The problem:
Pick every line out of the entries below that has the string "Black", and copy it.

[Stored data entries]
* * * * *
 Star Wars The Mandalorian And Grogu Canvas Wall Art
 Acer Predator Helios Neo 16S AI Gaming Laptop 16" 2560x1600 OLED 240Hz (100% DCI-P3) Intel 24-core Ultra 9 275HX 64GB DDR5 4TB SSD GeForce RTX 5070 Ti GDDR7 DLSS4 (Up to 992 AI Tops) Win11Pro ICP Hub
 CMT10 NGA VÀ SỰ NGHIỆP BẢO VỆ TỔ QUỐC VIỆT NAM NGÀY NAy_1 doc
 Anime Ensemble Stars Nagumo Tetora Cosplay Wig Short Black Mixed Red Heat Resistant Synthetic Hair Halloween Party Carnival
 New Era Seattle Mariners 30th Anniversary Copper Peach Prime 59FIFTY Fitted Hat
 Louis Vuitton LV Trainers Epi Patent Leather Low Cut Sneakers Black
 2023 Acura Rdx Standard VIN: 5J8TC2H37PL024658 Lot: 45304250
* * * * *
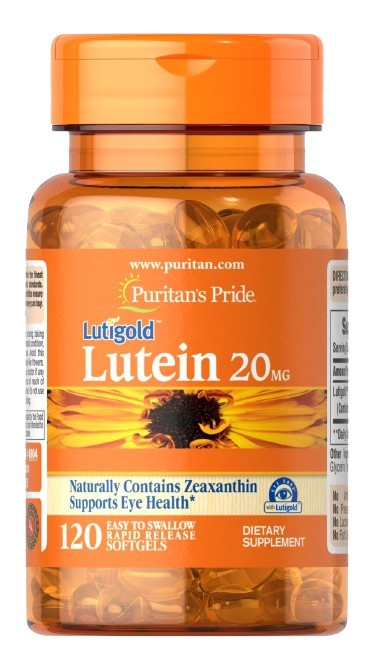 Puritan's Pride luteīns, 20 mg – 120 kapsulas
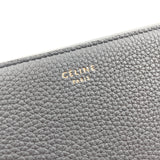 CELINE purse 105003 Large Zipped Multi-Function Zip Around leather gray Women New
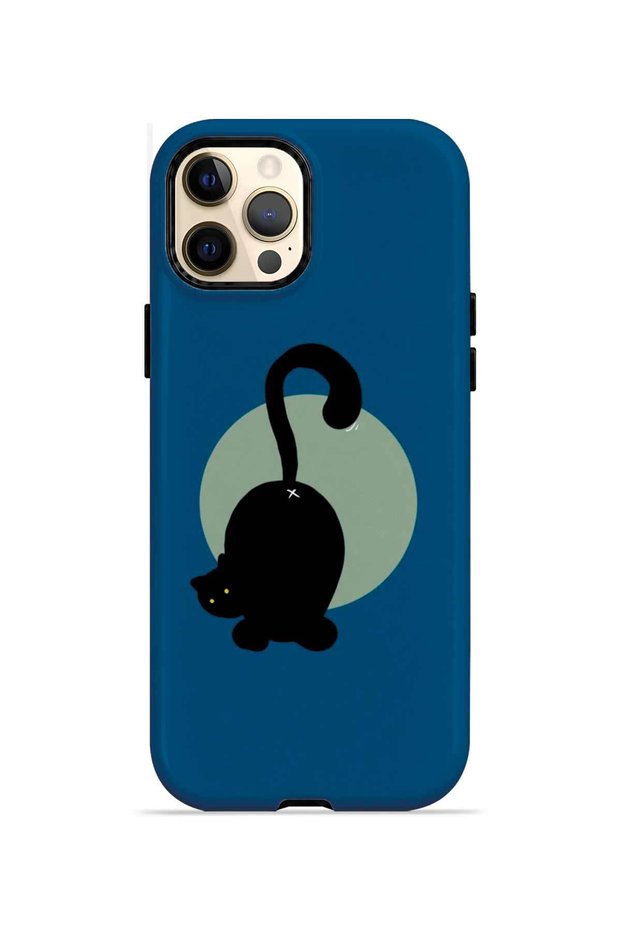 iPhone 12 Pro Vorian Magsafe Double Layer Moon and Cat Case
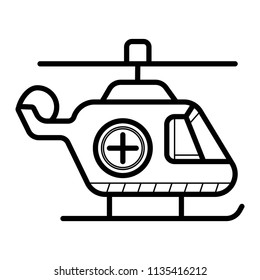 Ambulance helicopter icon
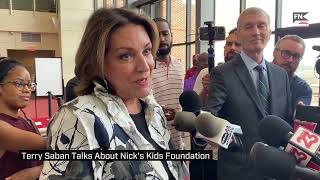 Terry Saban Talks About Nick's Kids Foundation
* * * * *
Result:
 Anime Ensemble Stars Nagumo Tetora Cosplay Wig Short Black Mixed Red Heat Resistant Synthetic Hair Halloween Party Carnival
 Louis Vuitton LV Trainers Epi Patent Leather Low Cut Sneakers Black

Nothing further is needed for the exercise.